'''

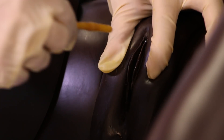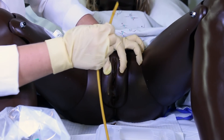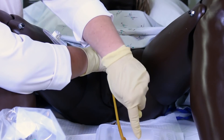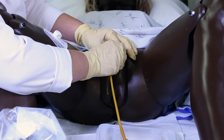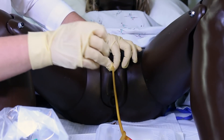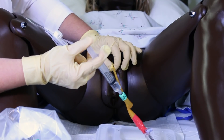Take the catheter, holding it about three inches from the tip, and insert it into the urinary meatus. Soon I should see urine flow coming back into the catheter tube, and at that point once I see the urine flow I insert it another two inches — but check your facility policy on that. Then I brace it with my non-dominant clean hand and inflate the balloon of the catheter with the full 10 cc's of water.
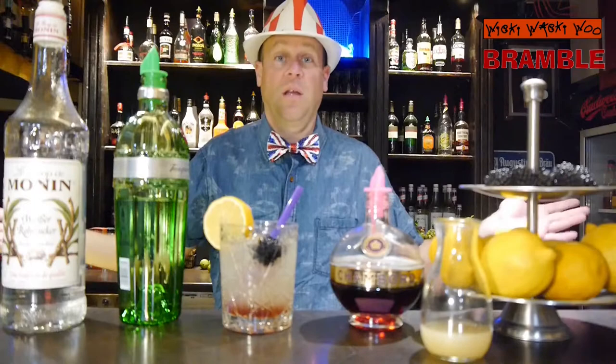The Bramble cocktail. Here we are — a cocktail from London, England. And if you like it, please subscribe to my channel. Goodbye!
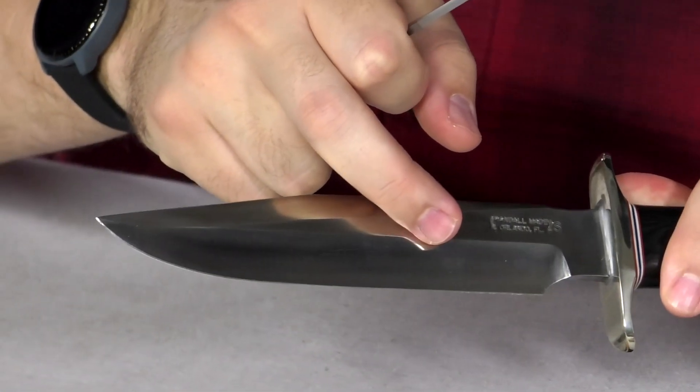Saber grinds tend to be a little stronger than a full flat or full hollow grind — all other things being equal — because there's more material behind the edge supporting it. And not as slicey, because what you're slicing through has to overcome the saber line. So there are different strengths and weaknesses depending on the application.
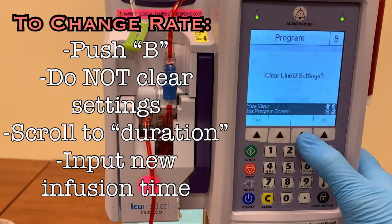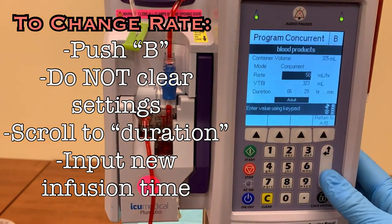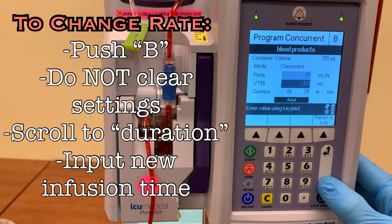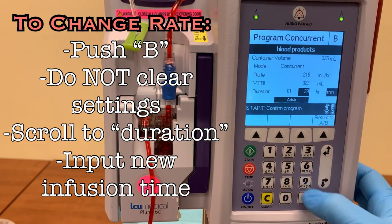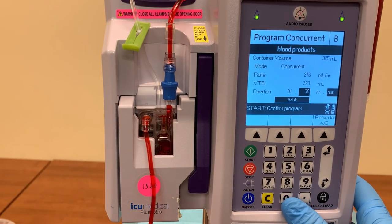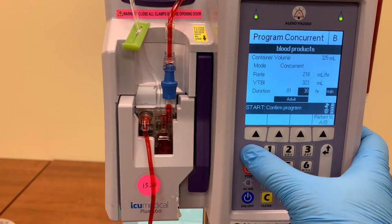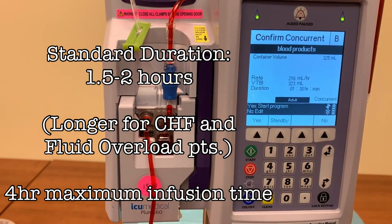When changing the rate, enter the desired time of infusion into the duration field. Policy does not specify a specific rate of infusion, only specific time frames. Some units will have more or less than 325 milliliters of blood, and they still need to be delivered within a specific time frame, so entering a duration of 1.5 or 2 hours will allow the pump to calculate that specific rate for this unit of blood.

'''
'''

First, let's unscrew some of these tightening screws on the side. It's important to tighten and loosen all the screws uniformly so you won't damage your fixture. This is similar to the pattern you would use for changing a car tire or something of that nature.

'''
'''

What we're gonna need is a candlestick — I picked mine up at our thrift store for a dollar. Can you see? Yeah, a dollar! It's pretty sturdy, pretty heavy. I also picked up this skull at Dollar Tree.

'''

About this task -
Reproduce the listing above from the line that holds "Take the catheter, holding" through the line that holds "The Bramble cocktail.", both included, with the pictures left out.

Result below -
Take the catheter, holding it about three inches from the tip, and insert it into the urinary meatus. Soon I should see urine flow coming back into the catheter tube, and at that point once I see the urine flow I insert it another two inches — but check your facility policy on that. Then I brace it with my non-dominant clean hand and inflate the balloon of the catheter with the full 10 cc's of water.
The Bramble cocktail. Here we are — a cocktail from London, England. And if you like it, please subscribe to my channel. Goodbye!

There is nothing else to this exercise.